Mecz z PGE GiEK Skry Bełchatów z Barkomem Każany Lwów kończył 10. kolejkę PlusLigi, a z Energą Treflem Gdańsk zaczyna 11. serię.
Zbliża się szybko półmetek rundy zasadniczej PlusLigi. PGE GiEK Skra spisuje się bardzo dobrze i jest uważana za jedną z rewelacji sezonu. Nie może być inaczej, skoro do tej pory przegrała tylko dwa razy, najmniej w całej lidze, obok PGE Projektu Warszawa. Bełchatowska drużyna zajmuje trzecie miejsce w tabeli, za Aluronem CMC Wartą Zawiercie i Bogdanką LUK Lublin, ale rozegrała mniej meczów od nich.
Czytaj także: PGE GiEK Skra Bełchatów notuje najlepszy sezon od lat
W czwartek Skra zmierzy się w Gdańsku z Treflem, który też gra bardzo dobrze, zwłaszcza w swojej hali. Ergo Arena jest w tym sezonie niezdobyta dla przeciwników – siatkarze z Gdańska grali w niej cztery razy, wygrywając kolejno z Barkomem Każany Lwów 3:2, Cuprum Stilonem Gorzów 3:2, ZAKSĄ Kędzierzyn-Koźle 3:2 i Aluronem CMC Wartą Zawiercie też 3:2. Jak więc widać, bełchatowianie muszą nastawić się na ciężką walkę.
W ostatniej kolejce Trefl pokonał na wyjeździe InPost ChKS Chełm 3:0, pokazując naprawdę dobrą grę. Młody atakujący Aliaksei Nasevich zdobył aż 20 punktów, a jego skuteczność w ataku to 80 proc. Równie dobrze wypadł Piotr Orczyk, były zawodnik Skry, a MVP został Niemiec Tobias Brand.
Czytaj także: Kolejny koncert PGE GiEK Skry Bełchatów
PGE GiEK Skra ma jednak równie dużo atutów, a w Gdańsku wygrała 16 z 20 spotkań z Treflem. Ostatni raz dokonała tego w sezonie 2023/2024. W poprzednim przegrała jednak 0:3.
– Moim zdaniem PGE GiEK Skra Bełchatów to jedna z niespodzianek tego sezonu.
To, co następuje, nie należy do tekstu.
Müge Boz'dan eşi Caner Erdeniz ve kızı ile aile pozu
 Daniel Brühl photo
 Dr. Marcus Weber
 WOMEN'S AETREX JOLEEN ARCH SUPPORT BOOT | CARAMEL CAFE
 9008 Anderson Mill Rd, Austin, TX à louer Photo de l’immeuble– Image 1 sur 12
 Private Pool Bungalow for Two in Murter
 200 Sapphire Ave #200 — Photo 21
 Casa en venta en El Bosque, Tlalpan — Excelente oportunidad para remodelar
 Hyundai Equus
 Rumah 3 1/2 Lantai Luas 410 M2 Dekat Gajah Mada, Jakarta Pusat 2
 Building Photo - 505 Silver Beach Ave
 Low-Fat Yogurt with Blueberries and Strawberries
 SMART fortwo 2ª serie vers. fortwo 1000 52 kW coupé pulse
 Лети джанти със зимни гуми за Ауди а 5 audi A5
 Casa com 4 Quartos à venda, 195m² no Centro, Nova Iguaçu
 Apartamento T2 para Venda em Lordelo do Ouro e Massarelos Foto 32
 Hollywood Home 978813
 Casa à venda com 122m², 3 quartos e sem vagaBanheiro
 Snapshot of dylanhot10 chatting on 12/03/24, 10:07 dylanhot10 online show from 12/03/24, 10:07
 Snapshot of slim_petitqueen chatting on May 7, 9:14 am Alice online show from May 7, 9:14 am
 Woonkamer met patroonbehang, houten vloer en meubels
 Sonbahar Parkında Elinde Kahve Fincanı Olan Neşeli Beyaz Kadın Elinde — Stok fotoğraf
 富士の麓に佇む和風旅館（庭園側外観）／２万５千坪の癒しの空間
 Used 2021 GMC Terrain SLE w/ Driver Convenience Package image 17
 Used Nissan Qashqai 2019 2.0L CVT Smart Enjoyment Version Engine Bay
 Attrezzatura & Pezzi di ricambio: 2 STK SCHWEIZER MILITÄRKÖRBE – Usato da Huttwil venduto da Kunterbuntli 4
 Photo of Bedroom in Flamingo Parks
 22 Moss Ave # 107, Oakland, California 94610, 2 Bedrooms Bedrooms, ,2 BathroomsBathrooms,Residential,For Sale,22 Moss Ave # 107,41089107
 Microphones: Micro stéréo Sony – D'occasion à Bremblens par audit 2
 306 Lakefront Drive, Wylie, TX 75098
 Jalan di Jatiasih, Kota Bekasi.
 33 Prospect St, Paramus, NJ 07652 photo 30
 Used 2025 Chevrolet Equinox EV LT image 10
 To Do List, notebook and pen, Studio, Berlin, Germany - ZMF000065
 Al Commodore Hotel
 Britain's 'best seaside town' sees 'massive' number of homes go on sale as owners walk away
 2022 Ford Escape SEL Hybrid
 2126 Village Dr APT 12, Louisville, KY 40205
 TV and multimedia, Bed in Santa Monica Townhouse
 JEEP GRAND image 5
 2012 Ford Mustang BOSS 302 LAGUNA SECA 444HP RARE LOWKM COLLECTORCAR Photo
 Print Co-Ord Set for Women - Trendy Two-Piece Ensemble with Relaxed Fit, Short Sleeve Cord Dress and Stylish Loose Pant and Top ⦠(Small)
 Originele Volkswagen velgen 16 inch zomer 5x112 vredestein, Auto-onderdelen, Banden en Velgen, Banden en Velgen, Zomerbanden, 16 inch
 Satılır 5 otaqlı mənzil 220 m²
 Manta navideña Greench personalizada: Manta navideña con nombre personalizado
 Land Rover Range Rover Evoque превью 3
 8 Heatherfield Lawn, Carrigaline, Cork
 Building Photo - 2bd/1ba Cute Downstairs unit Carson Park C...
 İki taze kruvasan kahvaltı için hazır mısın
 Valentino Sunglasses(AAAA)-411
Prezentują się naprawdę bardzo dobrze, grają bardzo równo, przegrali tylko dwa spotkania. Indywidualnie też zawodnicy, którzy tam występują w tym podstawowym składzie, prezentują się naprawdę bardzo. Trzeba nastawić się na bardzo trudne spotkanie – mówi Piotr Orczyk, przyjmujący Energi Trefla Gdańsk. – Na pewno nie będzie to łatwa przeprawa, raczej to będzie mecz walki. Tym bardziej, że my takie spotkania lubimy grać u siebie w tym sezonie. Każdy z nich kończył się pięciosetową walką, bardzo zaciętą, więc tym razem możliwe, że będzie podobnie – zakończył.
Reklama
Drużyna Skry pojechała do Gdańska w najsilniejszym obecnie składzie. Nie może zagrać tylko Alan Souza, ale jego powrót na boisko jest coraz bliższy. Świetnie zastępuje go jednak Arkadiusz Żakieta, który w dwóch ostatnich meczach – z Wartą i Barkomem – zdobył w sumie 38 punktów.
– Na pewno zespół z Gdańska to poukładana drużyna, która ma dobre systemy gry. Na pewno ich atutem będzie zagrywka w ich własnej hali. My również mamy dobrze poukładaną grę. Myślę, że blokiem możemy zdobyć najwięcej – uważa Maksym Kędzierski, libero PGE GiEK Skry. – Nastawiamy się na bardzo ciężkie spotkanie, gdyż zespół z Gdańska jeszcze u siebie nie przegrał. Tak jak wspomniałem, grają bardzo dobrze, więc nastawiamy się nawet na pięć setów. Już na tym etapie sezonu, gdzie rozegraliśmy nawet dziesięć spotkań, znamy się tak naprawdę na wylot. Nasz sztab szkoleniowy czy drużyny przeciwnej głęboko analizuje się nawzajem, tak że nie będzie tu żadnych zaskoczeń – podkreśla.
Mecz PGE GiEK Skry Bełchatów z Energa Treflem Gdańsk zacznie się w czwartek o godz. 17.30.